======== MATERIAL SUPPLIED

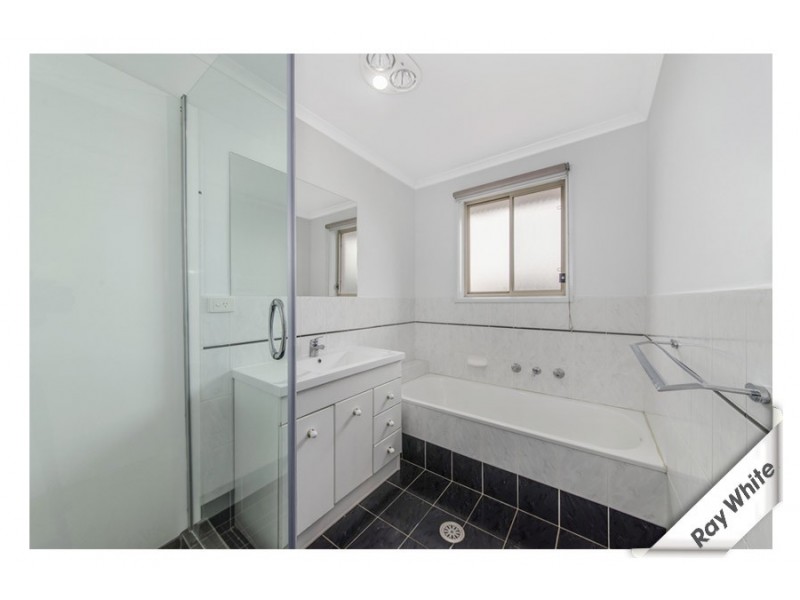 33 Tipiloura Street, Ngunnawal ACT 2913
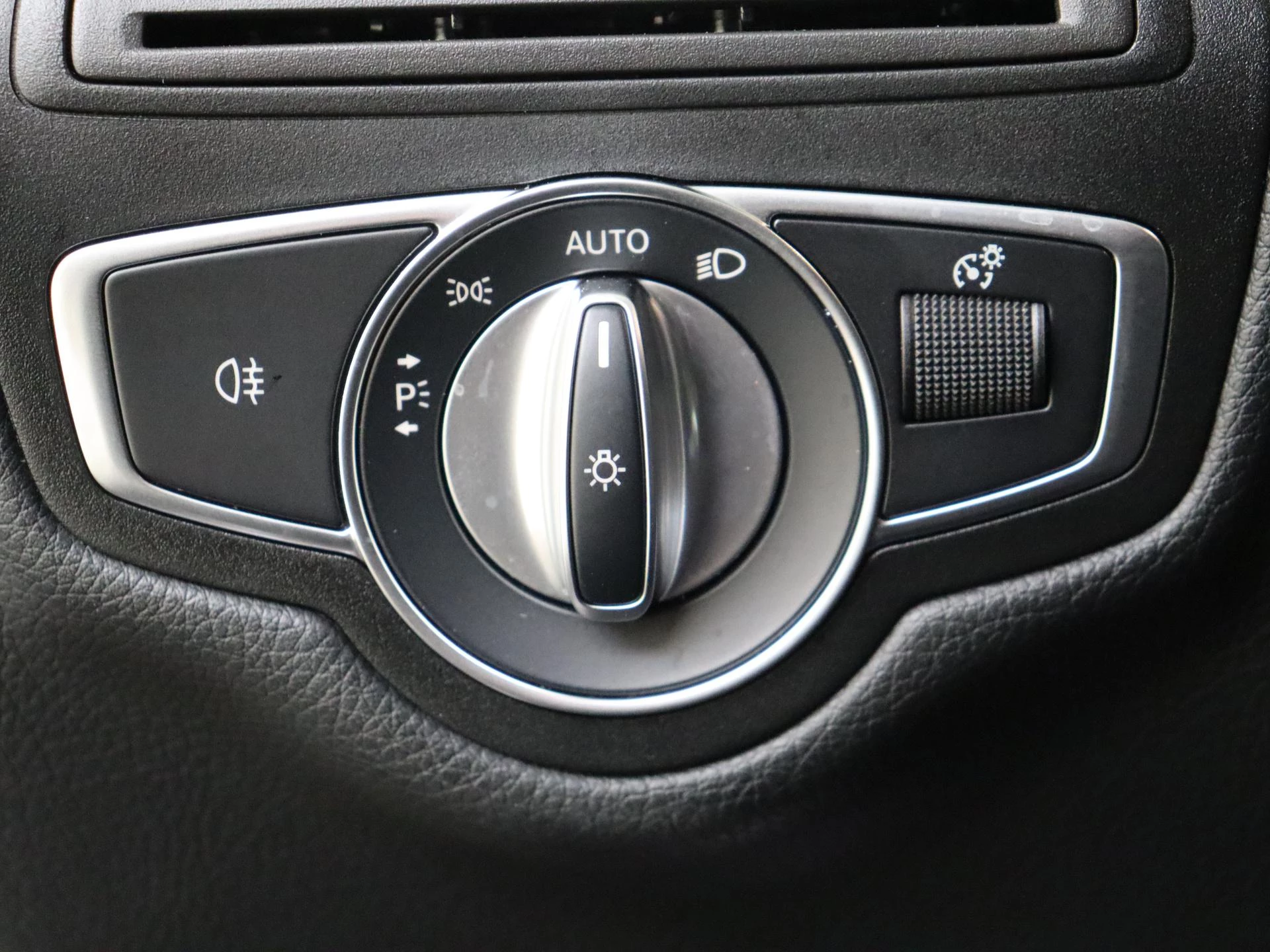Mercedes-Benz-GLC-image-23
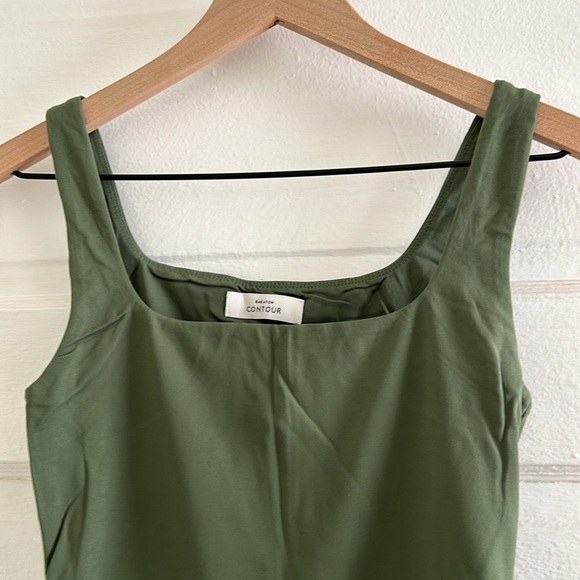 Aritzia Contour Bodysuit - Picture 2 of 11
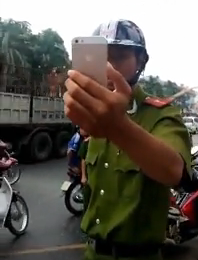 Chỉ nhà báo, phóng viên mới được quay clip khi công an làm việc?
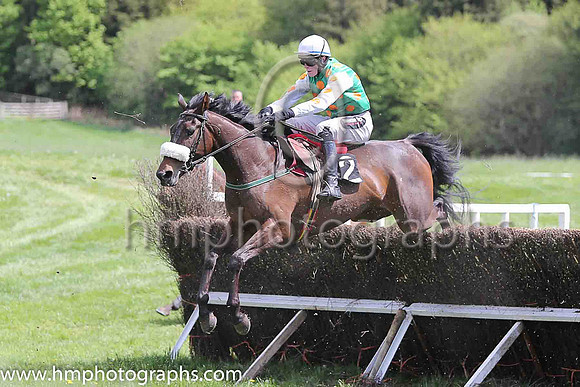OU VALSHAN TIME and H D dunne ( 12 , EMERALD GREEN,orange spots; white,orange spots sleeves; emerald green cap ) Trainer: Donnchadh Doyle,, Owner : Monbeg, Syndicate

================

• **WHAT YOU WILL DO**
Drop the pictures and reproduce the rest of the data exactly.

• **EXERCISE SOLUTION**
 33 Tipiloura Street, Ngunnawal ACT 2913
Mercedes-Benz-GLC-image-23
 Aritzia Contour Bodysuit - Picture 2 of 11
 Chỉ nhà báo, phóng viên mới được quay clip khi công an làm việc?
OU VALSHAN TIME and H D dunne ( 12 , EMERALD GREEN,orange spots; white,orange spots sleeves; emerald green cap ) Trainer: Donnchadh Doyle,, Owner : Monbeg, Syndicate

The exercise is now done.